Option 2: LiteRT (TensorFlow Lite Runtime)
For integrating Gemma 4 into your own iOS app:
import LiteRT
class GemmaModel {
private var interpreter: Interpreter?
func loadModel() throws {
guard let modelPath = Bundle.main.path(
forResource: "gemma-4-e2b-it",
ofType: "tflite"
) else {
throw GemmaError.modelNotFound
}
var options = Interpreter.Options()
options.threadCount = 4
// Use GPU delegate for acceleration
let gpuDelegate = MetalDelegate()
interpreter = try Interpreter(
modelPath: modelPath,
options: options,
delegates: [gpuDelegate]
)
}
func generate(prompt: String) throws -> String {
// Tokenize input
let tokens = tokenize(prompt)
// Run inference
try interpreter?.allocateTensors()
try interpreter?.copy(tokens, toInputAt: 0)
try interpreter?.invoke()
// Decode output
let output = try interpreter?.output(at: 0)
return decode(output)
}
}Option 3: MediaPipe for iOS
MediaPipe also works on iOS:
import MediaPipeTasksGenAI
let options = LlmInference.Options()
options.modelPath = Bundle.main.path(
forResource: "gemma-4-e2b-it",
ofType: "bin"
)!
options.maxTokens = 1024
options.temperature = 0.7
let llm = try LlmInference(options: options)
let response = try llm.generateResponse(inputText: "Hello!")Performance Expectations
Be realistic about what mobile AI can do. Here's what to expect:
| Device | Model | Speed (tok/s) | First Token (ms) | RAM Usage |
|---|---|---|---|---|
| Pixel 9 Pro | E2B | ~15-20 | ~800 | ~3 GB |
| Pixel 9 Pro | E4B | ~8-12 | ~1500 | ~5 GB |
| Samsung S24 Ultra | E2B | ~15-18 | ~900 | ~3 GB |
| iPhone 15 Pro | E2B | ~12-15 | ~1000 | ~3 GB |
| iPhone 16 Pro | E2B | ~15-18 | ~800 | ~3 GB |
| iPhone 16 Pro | E4B | ~8-10 | ~1500 | ~5 GB |
These speeds are slower than desktop, but perfectly usable for interactive chat. The first token takes a bit longer as the model initializes.

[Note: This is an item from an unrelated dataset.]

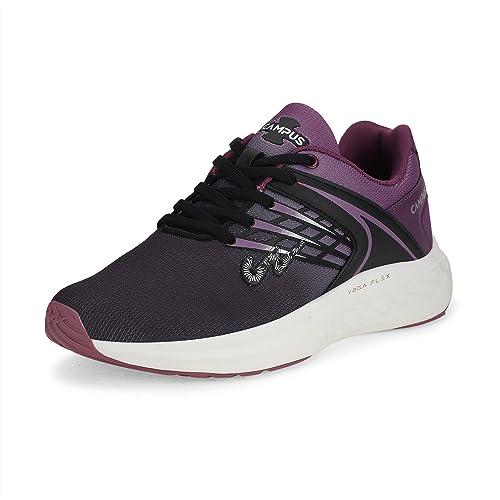 campus women's marius blk/violet running shoes - 7uk/india 22l-919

Battery and Thermal Considerations
Running AI inference is compute-intensive. Here's what to keep in mind:
| Concern | Reality | Mitigation |
|---|---|---|
| Battery drain | ~5-8% per hour of active use | Limit max generation length |
| Heat | Phone gets warm during inference | Add cooldown pauses between long generations |
| Background use | OS may kill the process | Keep model loaded only when needed |
| Storage | 2-5 GB per model | Offer model download as optional |
// Good practice: release model when not in use
override fun onPause() {
super.onPause()
session?.close()
}
override fun onResume() {
super.onResume()
if (session == null) initModel()
}Offline: The Killer Feature
The biggest advantage of on-device AI is that it works without internet. Think about the use cases:
- Travel: AI assistant works on airplane mode
- Privacy-sensitive tasks: Medical questions, personal journaling, private coding — nothing leaves your device
- Poor connectivity: Rural areas, subway, developing regions
- Speed: No network latency — responses start immediately
- Cost: No API fees after the initial model download
This is something cloud APIs fundamentally cannot offer. When you run Gemma 4 on your phone, your data stays on your phone. Period.
Mobile vs Cloud API
| Factor | On-Device (Gemma 4 E2B) | Cloud API (Gemini) |
|---|---|---|
| Speed | ~15 tok/s | ~50-100 tok/s |
| Quality | Good (2B model) | Excellent (large model) |
| Privacy | Complete | Data sent to server |
| Offline | Yes | No |
| Cost | Free after download | Per-token pricing |
| Battery impact | High | Minimal |
| Setup | Model download required | API key only |
The ideal approach is hybrid: use on-device Gemma 4 for privacy-sensitive and offline tasks, and fall back to a cloud API when you need higher quality or when the phone is connected.
Next Steps
- Want to run Gemma 4 on iPhone specifically? Check our detailed iPhone Guide for Apple-specific optimizations
- Not sure which model to pick? Read Which Gemma 4 Model? to understand the full lineup
- Curious about hardware requirements for desktop? See the Hardware Guide for desktop and laptop recommendations
Mobile AI is still early, but it's real and it works today. Start with the E2B model, test it on your phone, and build from there. The fact that a capable AI runs entirely on a phone you carry in your pocket — with no internet, no API keys, no monthly bills — is kind of amazing.